The young activist, Julia Bluhm, said Friday from her summer camp she’s “really excited.”

“I didn’t think it would get this big,” she said. “It’s a really great surprise for me.”

Julia and her mom, Mary Beiter, sat down with Shoket in New York in early May to discuss the thousands of signatures on the Waterville girl’s online petition at Change.org. Julia declared victory after Shoket’s announcement, ending with more than 84,000 signatures.

Now, two of her fellow bloggers from SPARK Summit, a group of girls and young women trying to end the sexualization of girls in the media, are targeting Teen Vogue to make the same commitment. They’ve collected more than 15,000 signatures since Tuesday.

Shoket did not identify Julia by name in her full-page declaration, which also denied the magazine ever changed the shapes of bodies and faces. She had no further comment Friday.

The editor did cite the support of the National Eating Disorders Association. The group’s president, Lynn Grefe, lauded the effort as a first step but said far more must be done to promote positive body image and a more attainable standard of health and beauty in magazines and other media.

“I’m not saying it’s a total victory,” Grefe said. “Seventeen, Teen Vogue, Vogue, Cosmo, every magazine still has ads for diet products and other things that we find problematic, but in terms of the Photoshopping stuff, I believe that Ann is sincere and wants to really educate the consumer and work with the girls and show them what has been Photoshopped and how to recognize that.”

Julia’s mother also was pleased but agreed: “Certainly there’s probably more that they could do, but these things probably come in stages, and something is something. Something is good. It opens the door. That’s always the biggest hurdle.”

Julia had asked Seventeen to run at least one unaltered photo spread a month, saying Seventeen and other magazines put pressure on girls to emulate perfect-looking models without realizing images have been doctored. Manipulated images, Grefe said, contribute to eating disorders, depression and low self-esteem among girls as young as 8.

Grefe noted that 40 per cent of newly identified cases of anorexia are in girls and young women 15 to 19 years old. She cited research showing more than half of teen girls and nearly one-third of teen boys use unhealthy weight control behaviours, such as skipping meals, fasting, smoking cigarettes, vomiting and taking laxatives.

Girls who diet frequently are 12 times as likely to binge as girls who don’t diet, Grefe said, noting that most fashion models are thinner than 98 per cent of American women.

Izzy Labbe, a 13-year-old from Waterville who collaborated with Julia on the Seventeen petition, was thrilled at Shoket’s response but agreed she could have gone further.

“The measures they’re taking are fabulous, don’t get me wrong, but I feel like they never admitted to doing anything wrong,” Izzy said.

Audrey Brashich, a former teen model and editor of the now-defunct teen magazine YM, said the Seventeen pledge has far more potential for immediate, tangible changes in the minds of girls than a vow from Vogue editors around the world to ban models under 16 or those of any age with visible signs of eating disorders.

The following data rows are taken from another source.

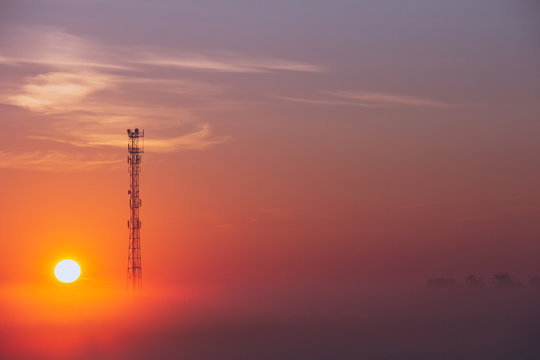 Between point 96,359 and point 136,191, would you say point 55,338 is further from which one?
point 136,191

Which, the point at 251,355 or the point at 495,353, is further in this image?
the point at 495,353

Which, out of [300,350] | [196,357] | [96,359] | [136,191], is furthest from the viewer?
[300,350]

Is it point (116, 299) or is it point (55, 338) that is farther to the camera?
point (55, 338)

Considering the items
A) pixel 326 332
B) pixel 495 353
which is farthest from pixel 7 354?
pixel 495 353

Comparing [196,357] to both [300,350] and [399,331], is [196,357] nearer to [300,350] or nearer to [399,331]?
[300,350]

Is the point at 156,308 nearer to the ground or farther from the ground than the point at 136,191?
farther from the ground

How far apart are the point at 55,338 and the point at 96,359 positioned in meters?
23.0

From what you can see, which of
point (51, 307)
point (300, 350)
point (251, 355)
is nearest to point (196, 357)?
point (251, 355)

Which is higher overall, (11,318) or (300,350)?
(11,318)

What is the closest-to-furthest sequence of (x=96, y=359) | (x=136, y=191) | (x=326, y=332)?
(x=136, y=191) < (x=96, y=359) < (x=326, y=332)

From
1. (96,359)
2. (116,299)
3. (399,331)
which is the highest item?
(399,331)

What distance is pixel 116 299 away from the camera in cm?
13788

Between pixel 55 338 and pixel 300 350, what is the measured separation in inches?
1772

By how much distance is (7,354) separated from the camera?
13725cm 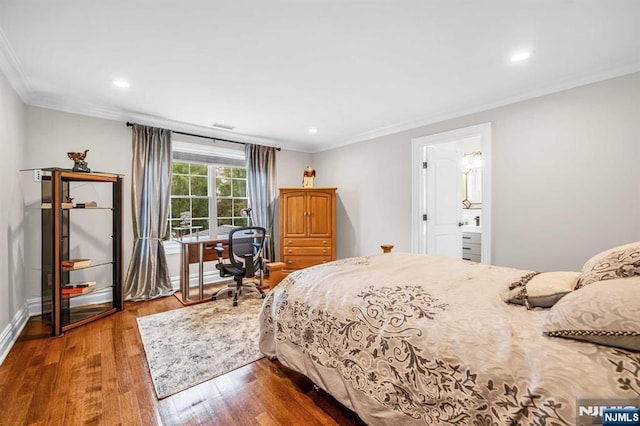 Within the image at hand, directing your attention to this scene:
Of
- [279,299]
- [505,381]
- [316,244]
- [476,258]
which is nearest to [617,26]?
[505,381]

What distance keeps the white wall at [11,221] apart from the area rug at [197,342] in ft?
3.30

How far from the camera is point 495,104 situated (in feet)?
10.2

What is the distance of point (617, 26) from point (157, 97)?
4007 millimetres

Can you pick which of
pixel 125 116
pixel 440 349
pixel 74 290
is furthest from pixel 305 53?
pixel 74 290

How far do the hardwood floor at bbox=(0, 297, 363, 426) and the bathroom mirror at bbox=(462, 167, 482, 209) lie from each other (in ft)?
15.2

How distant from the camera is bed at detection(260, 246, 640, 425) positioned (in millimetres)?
845

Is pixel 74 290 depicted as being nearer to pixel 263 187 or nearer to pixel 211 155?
pixel 211 155

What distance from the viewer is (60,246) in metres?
2.58

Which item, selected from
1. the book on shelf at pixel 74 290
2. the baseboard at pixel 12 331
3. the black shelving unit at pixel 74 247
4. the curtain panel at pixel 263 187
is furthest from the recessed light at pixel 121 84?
the baseboard at pixel 12 331

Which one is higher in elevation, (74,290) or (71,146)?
(71,146)

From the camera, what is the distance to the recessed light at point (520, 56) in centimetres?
218

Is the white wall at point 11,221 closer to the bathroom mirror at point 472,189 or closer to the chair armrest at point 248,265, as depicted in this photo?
the chair armrest at point 248,265

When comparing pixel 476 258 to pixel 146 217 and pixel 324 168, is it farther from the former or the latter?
pixel 146 217

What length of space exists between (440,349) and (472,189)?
485 centimetres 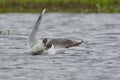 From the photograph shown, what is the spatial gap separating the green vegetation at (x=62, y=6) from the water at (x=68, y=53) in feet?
7.53

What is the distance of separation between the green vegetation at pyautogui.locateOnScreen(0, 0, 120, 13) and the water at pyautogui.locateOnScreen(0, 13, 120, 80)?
230 cm

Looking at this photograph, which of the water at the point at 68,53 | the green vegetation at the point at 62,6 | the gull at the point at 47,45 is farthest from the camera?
the green vegetation at the point at 62,6

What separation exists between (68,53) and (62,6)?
14.7m

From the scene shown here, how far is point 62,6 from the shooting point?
32438 mm

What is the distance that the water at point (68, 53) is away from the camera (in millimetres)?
14461

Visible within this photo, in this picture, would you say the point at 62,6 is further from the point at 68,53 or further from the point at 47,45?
the point at 47,45

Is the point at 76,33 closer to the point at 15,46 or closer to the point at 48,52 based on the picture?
the point at 15,46

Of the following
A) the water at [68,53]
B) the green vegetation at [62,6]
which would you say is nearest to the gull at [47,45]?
the water at [68,53]

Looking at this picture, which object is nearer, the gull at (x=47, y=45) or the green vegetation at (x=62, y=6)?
the gull at (x=47, y=45)

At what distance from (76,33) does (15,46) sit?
4.80 meters

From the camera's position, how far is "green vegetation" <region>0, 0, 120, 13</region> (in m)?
31.9

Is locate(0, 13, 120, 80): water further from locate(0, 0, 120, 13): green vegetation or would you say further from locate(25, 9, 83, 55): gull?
locate(0, 0, 120, 13): green vegetation

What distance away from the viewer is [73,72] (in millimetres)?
14641

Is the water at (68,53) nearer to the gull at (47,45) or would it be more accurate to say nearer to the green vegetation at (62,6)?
the gull at (47,45) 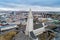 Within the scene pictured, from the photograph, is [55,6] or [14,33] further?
[55,6]

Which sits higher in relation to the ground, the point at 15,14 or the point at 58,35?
the point at 15,14

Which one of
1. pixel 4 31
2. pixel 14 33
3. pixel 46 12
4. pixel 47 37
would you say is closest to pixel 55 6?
pixel 46 12

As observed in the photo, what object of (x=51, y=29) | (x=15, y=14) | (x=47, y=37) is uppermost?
(x=15, y=14)

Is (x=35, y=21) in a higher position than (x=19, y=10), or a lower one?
lower

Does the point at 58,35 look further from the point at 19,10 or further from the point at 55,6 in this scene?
the point at 19,10

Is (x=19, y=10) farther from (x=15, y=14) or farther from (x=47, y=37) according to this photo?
(x=47, y=37)

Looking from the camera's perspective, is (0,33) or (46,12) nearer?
(0,33)

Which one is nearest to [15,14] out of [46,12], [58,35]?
[46,12] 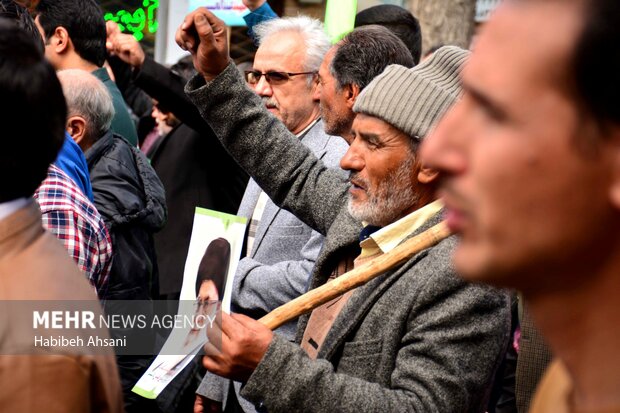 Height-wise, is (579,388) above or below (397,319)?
above

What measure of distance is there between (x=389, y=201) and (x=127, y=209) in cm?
166

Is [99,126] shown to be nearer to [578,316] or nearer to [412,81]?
[412,81]

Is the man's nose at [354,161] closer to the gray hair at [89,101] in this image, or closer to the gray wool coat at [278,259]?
the gray wool coat at [278,259]

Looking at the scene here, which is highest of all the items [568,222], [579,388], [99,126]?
[568,222]

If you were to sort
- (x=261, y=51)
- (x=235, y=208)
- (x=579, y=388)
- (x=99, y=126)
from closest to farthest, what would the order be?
(x=579, y=388) → (x=99, y=126) → (x=261, y=51) → (x=235, y=208)

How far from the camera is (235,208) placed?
18.3ft

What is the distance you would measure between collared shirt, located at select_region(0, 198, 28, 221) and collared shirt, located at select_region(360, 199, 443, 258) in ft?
4.22

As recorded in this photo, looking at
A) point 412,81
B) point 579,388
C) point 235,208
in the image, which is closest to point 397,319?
point 412,81

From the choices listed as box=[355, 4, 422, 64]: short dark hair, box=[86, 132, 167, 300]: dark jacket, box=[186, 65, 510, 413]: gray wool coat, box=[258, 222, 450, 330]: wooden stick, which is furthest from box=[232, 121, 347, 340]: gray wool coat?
box=[355, 4, 422, 64]: short dark hair

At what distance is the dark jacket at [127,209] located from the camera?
14.0 ft

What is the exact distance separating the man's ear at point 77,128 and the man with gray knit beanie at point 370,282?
3.72ft

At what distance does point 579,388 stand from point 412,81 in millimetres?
1984

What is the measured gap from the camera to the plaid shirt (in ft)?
9.60

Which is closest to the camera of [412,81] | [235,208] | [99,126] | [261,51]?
[412,81] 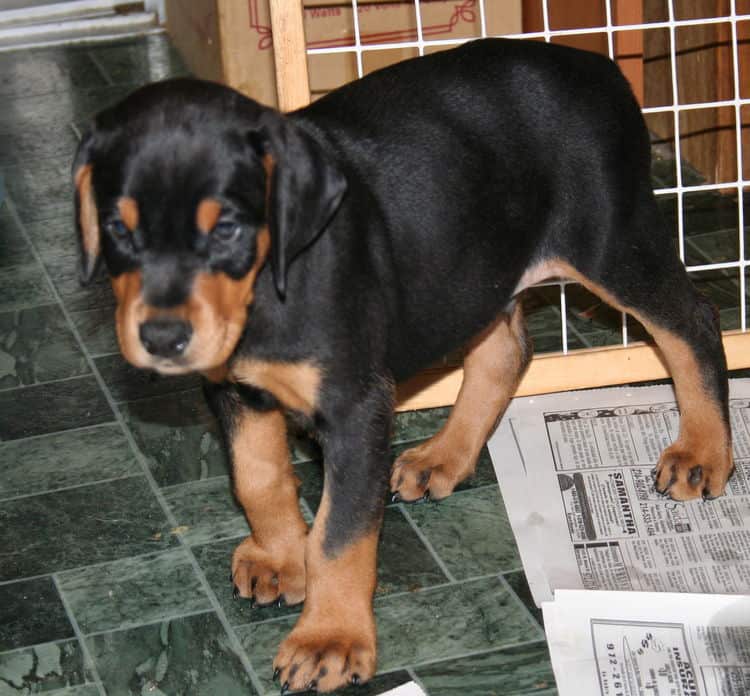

Vogue didn’t address the widespread industry practice of digitally altering photos when it made the promise in May.

Brashich, who in 2006 published a book called All Made Up: A Girl’s Guide to Seeing Through Celebrity Hype and Celebrating Real Beauty, said she hopes Seventeen lives up to its promise.

“And if the magazine doesn’t do all that,” she said, “I hope Julia Bluhm and her 84,000 supporters are right there to point out its failures.”